Let’s see how the WLS approach does for samples from heteroscesdatic populations.

Let’s simulate heteroscedastic data and see how the WLS procedure behaves. We will keep the same data structure as below, i.e., 3 groups and 20 observations per group:

Groups <- c(rep(1,each=20),rep(2,each=20),rep(3,each=20))
Groups

Unfortunately, the function sapply is extremely slow when dealing with object generated by the gls function from package nlme to conduct WLS. We will use a for loop that improves on speed (sapply is a wrapper for loops anyway). for loops are at the core of any programming environment and has a multitude of applications. Results will be kept in a list that can be created as follows:

wls.results <- list()

Run the for loop; this may take a couple of minutes:

n.tests <- 1000
for (count.data.sets in 1:n.tests){
    data.simul <- c(rnorm(n=20,mean=10,sd=3),rnorm(n=20,mean=10,sd=30),rnorm(n=20,mean=10,sd=300))
    wls.results[[count.data.sets]] <- gls(data.simul ~     
         factor(Groups), weights=varIdent(form= ~ 1 | Groups))
}

The result for each WLS analysis based on the gls function is kept in the list wls.results. Each result and the associated ANOVA can be run calling the appropriate data set. For instance, for simulated data 3 we simply:

wls.results[[3]]
anova(wls.results[[3]])

To pull only the p-value (necessary to estimate the type I error rate) from the anova table we can do the following:

anova(wls.results[[3]])$"p-value"[2]

Let’s run now the ANOVA for all the gls models and estimate the type I error:

ANOVA.results <- lapply(wls.results, anova)
P.values <- sapply(ANOVA.results, function(x) {x$"p-value"[2]})
alpha <- 0.05
TypeIerror <- length(which(P.values <= alpha))/n.tests
TypeIerror

You will notice that the type I error should be around 0.05; in some cases it could be 0.065 or so. Note that we ran 1000 data sets (and not infinite). But, the point here is to demonstrate computationally that the inflated type I error due to heteroscedasticity can be tackled using WLS.
Let’s plot the frequency distribution of p-values:

hist(P.values)

Note that it is much more uniform than for when we used the standard ANOVA approach on heteroscedastic data.

Observation: In the next tutorial, we will see an example of WLS for a two-factorial ANOVA and for post-hoc tests to compare means as well.

Miscellanea:

part 1

Code to reproduce plot(ranked.ols,which=3) as used above. Instead of using the standard R function, we are doing the calculations involved and then plotting. This should help understanding how the plot works.

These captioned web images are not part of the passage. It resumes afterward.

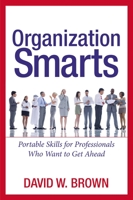 Organization Smarts : Portable Skills for Professionals Who Want to Get Ahead 0814471099 Book Cover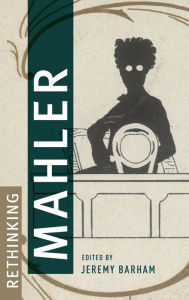 Title: Rethinking Mahler, Author: Jeremy Barham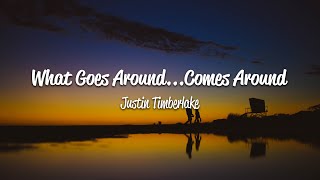 Justin Timberlake  What Goes AroundComes Around Lyrics [upl. by Ilrahs946]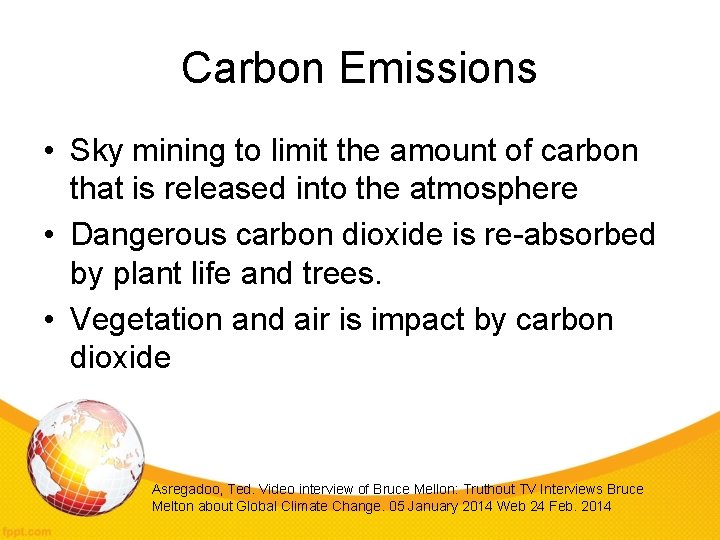 Carbon Emissions • Sky mining to limit the amount of carbon that is released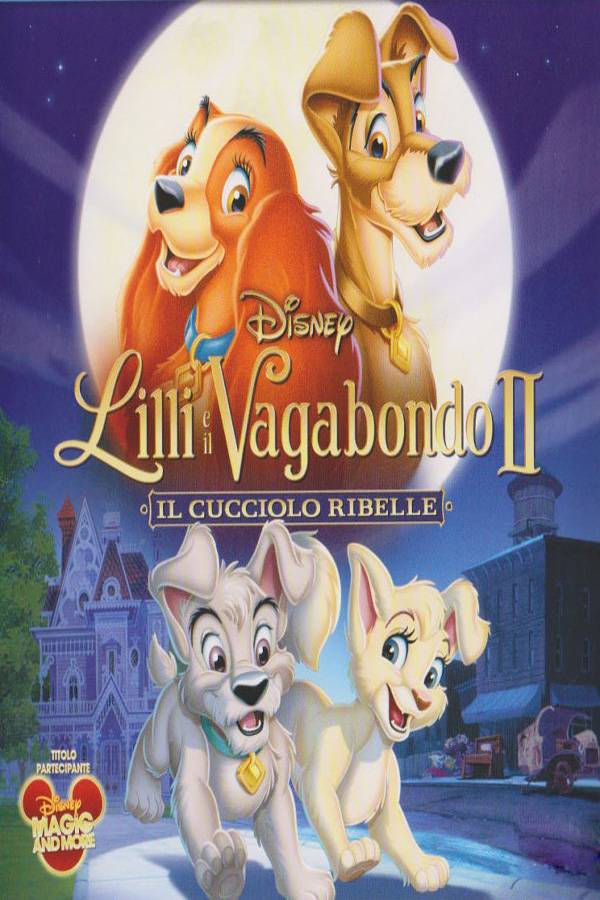 lilli e il vagabondo II -il cucciolo ribelle-
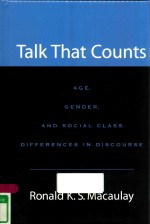 TAL<em>K</em> THAT COUNTS AGE，GENDER，AND SOCIAL CLASS DIFFERENCES IN DISCOURSE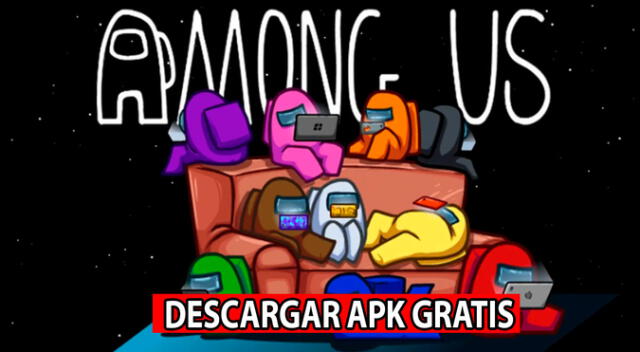 Descarga GRATIS Among US APK para tu smartphone Android Descarga GRATIS Among US APK para tu smartphone Android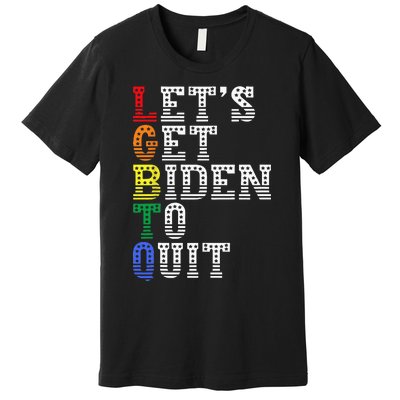 Funny LGBTQ Anti Biden Let's Get Biden To Quite Premium T-Shirt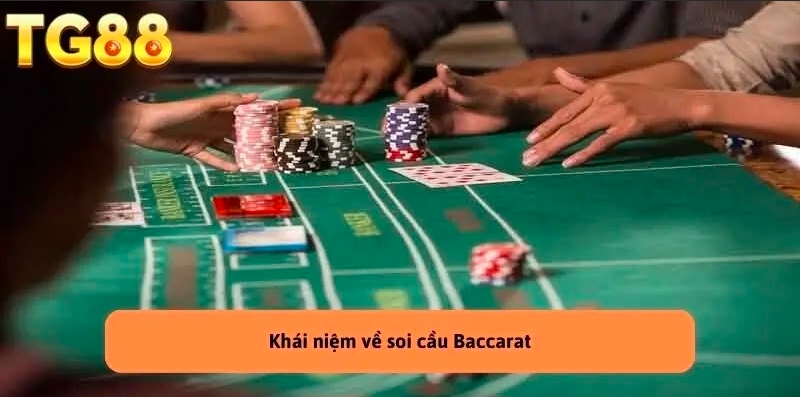 Khái quát về soi cầu trò Baccarat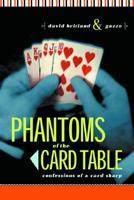 Phantoms of the Card Table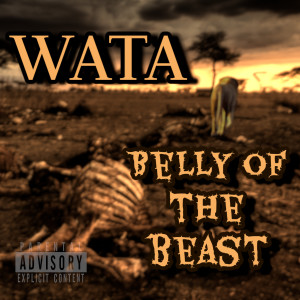 收听Wata的Belly of the Beast (Explicit)歌词歌曲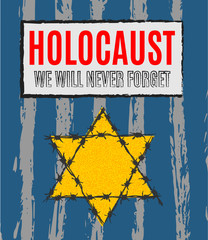 We Will Never Forget. Holocaust Remembrance Day. Yellow Star David. International Day of Fascist Concentration Camps and Ghetto Prisoners Liberation card whith hand and barbed wire Vector illustration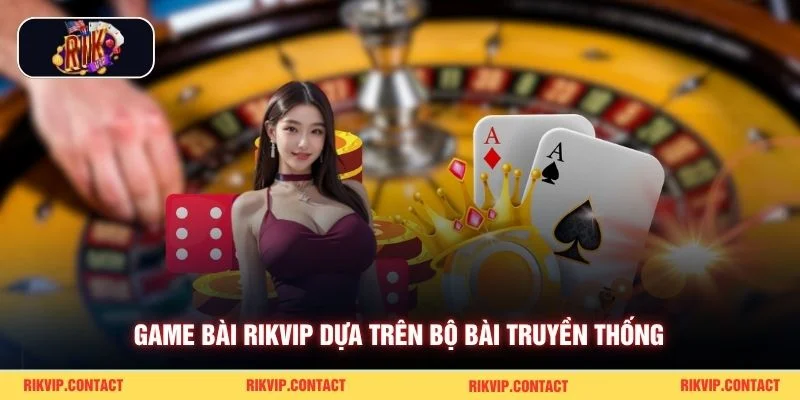 Game bài Rikvip dựa trên bộ bài truyền thống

plot(sqrt(abs(scale(lm.Fst.ranked$residuals)))~lm.Fst.ranked$fitted)
abline(lm(sqrt(abs(scale(lm.Fst.ranked$residuals)))~lm.Fst.ranked$fitted),col="red",ylim=c(0,1.2))

part 2

How to run WLS using more “standard” R code instead of the gls function. This will hopefully allow you to understand a bit better what WLS does; as we saw in our lecture.

2.1) Calculate the residual variance per group (i.e., origin)

var.per.origin<-aggregate(lm.Fst.ranked$residuals,list(as.factor(ranked.data$origin)),var)
var.per.origin

2.2) Duplicate variances respecting the order of origin in the data:

var.vector <- vector()
var.vector[which(ranked.data$origin=="DNA")] <- 66.44167
var.vector[which(ranked.data$origin=="Protein")] <- 25.40797
var.vector

Run the ANOVA using the standard lm function as used to conduct ANOVAs:

lm.Fst.WLS <- lm(Fst.ranked~as.factor(origin), weights = 1/var.vector, data=ranked.data)
summary(lm.Fst.WLS)

Now using the gls function

gls.result <- gls(Fst.ranked~as.factor(origin), weights=varIdent(form= ~ 1 | origin),data=ranked.data)
anova(gls.result)

Note that the p-values from summary(lm.Fst.WLS) and anova(gls.result) are the same!